(Saved entries)

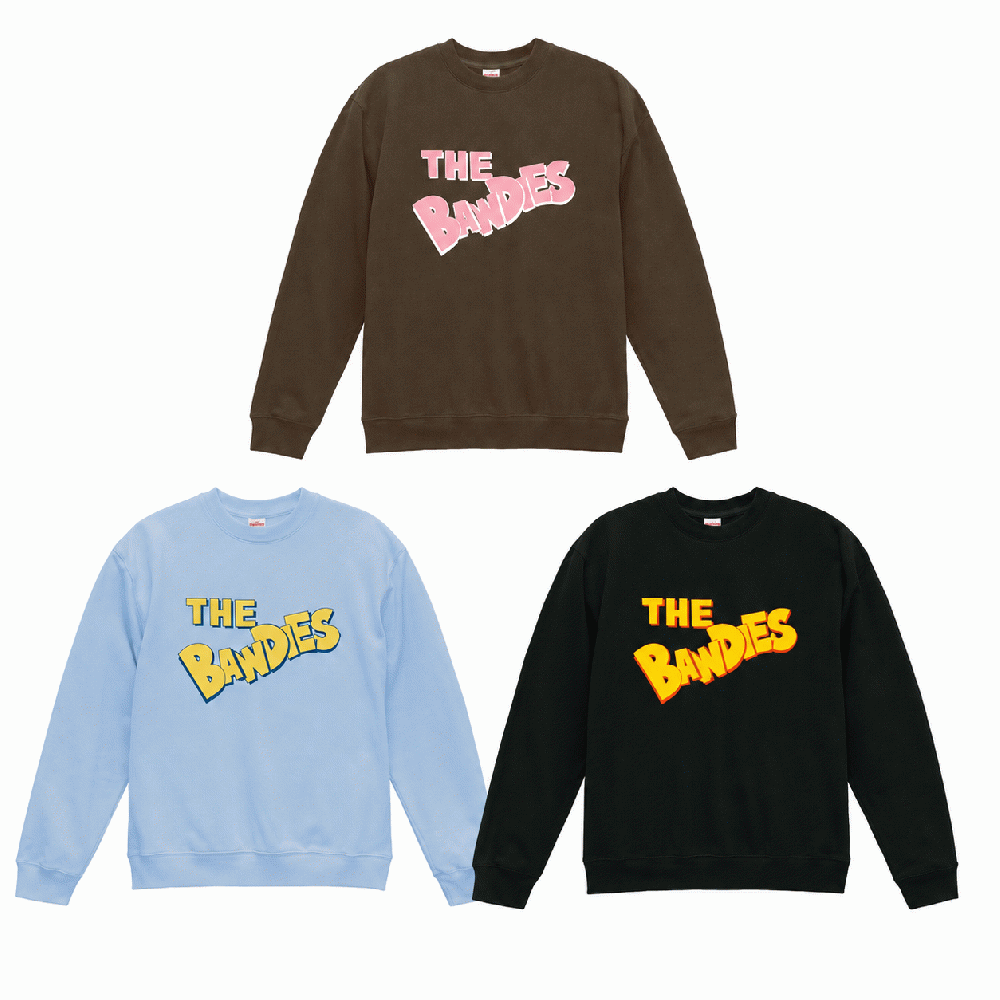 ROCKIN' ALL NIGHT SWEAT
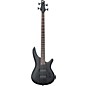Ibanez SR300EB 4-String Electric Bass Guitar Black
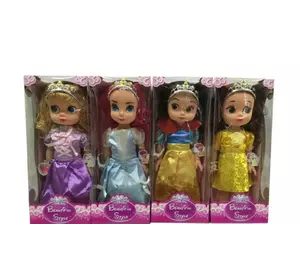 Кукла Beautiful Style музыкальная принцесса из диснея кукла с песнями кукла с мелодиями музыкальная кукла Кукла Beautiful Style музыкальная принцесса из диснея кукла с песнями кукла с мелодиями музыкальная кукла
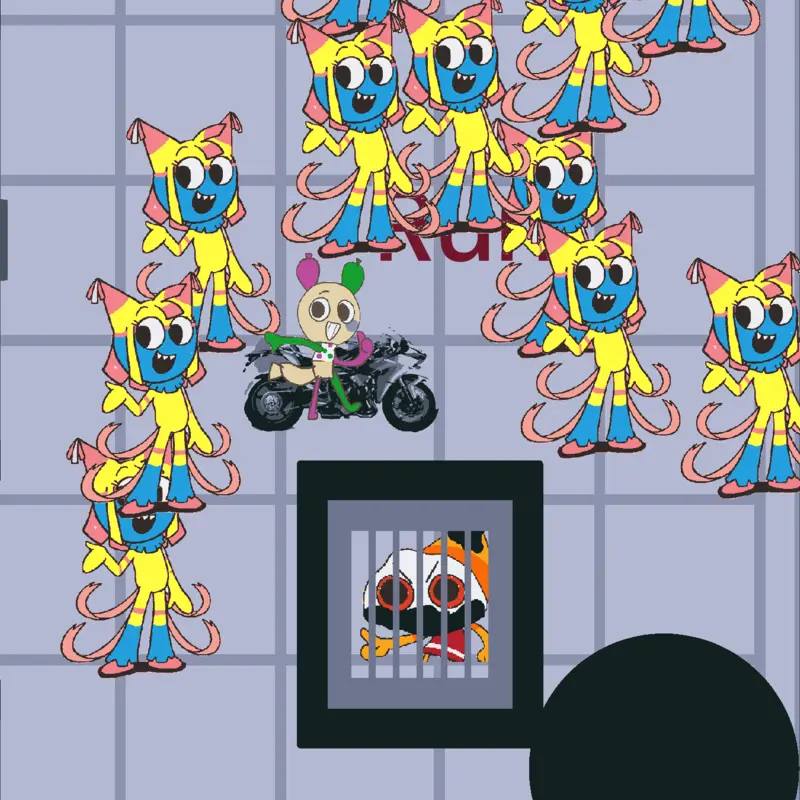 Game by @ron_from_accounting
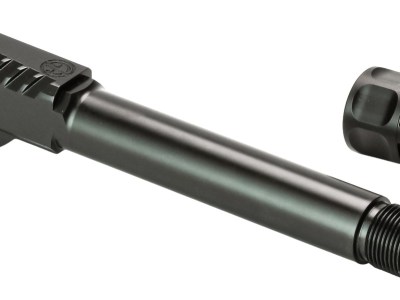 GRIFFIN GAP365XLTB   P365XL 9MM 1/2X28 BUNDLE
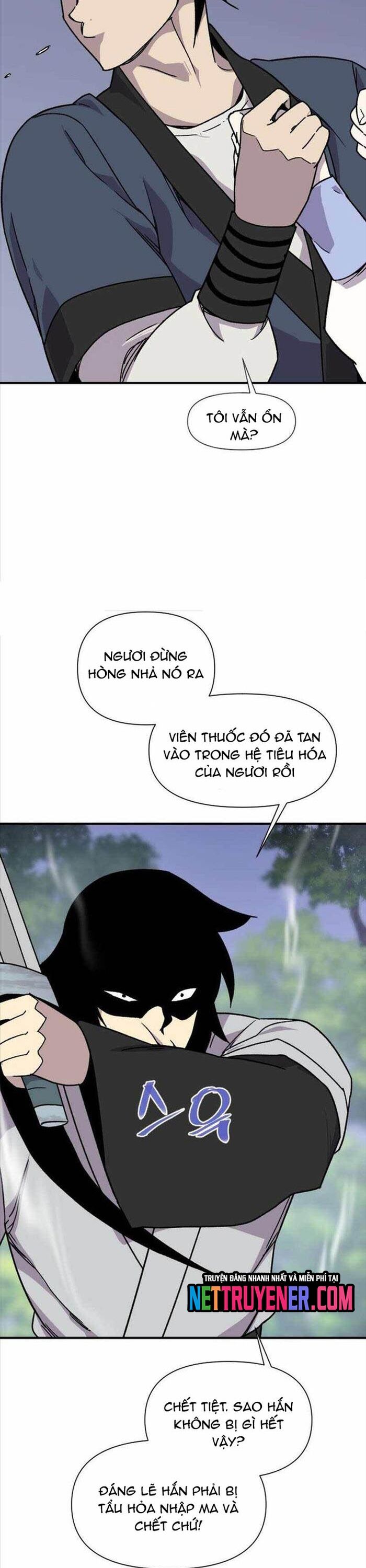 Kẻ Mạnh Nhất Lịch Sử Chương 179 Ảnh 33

EXERCISE GOAL: Could you write out every line above exactly as it stands, with no images?

REPLY TO THE EXERCISE:
 ROCKIN' ALL NIGHT SWEAT
Ibanez SR300EB 4-String Electric Bass Guitar Black
 Кукла Beautiful Style музыкальная принцесса из диснея кукла с песнями кукла с мелодиями музыкальная кукла Кукла Beautiful Style музыкальная принцесса из диснея кукла с песнями кукла с мелодиями музыкальная кукла
 Game by @ron_from_accounting
 GRIFFIN GAP365XLTB   P365XL 9MM 1/2X28 BUNDLE
 Kẻ Mạnh Nhất Lịch Sử Chương 179 Ảnh 33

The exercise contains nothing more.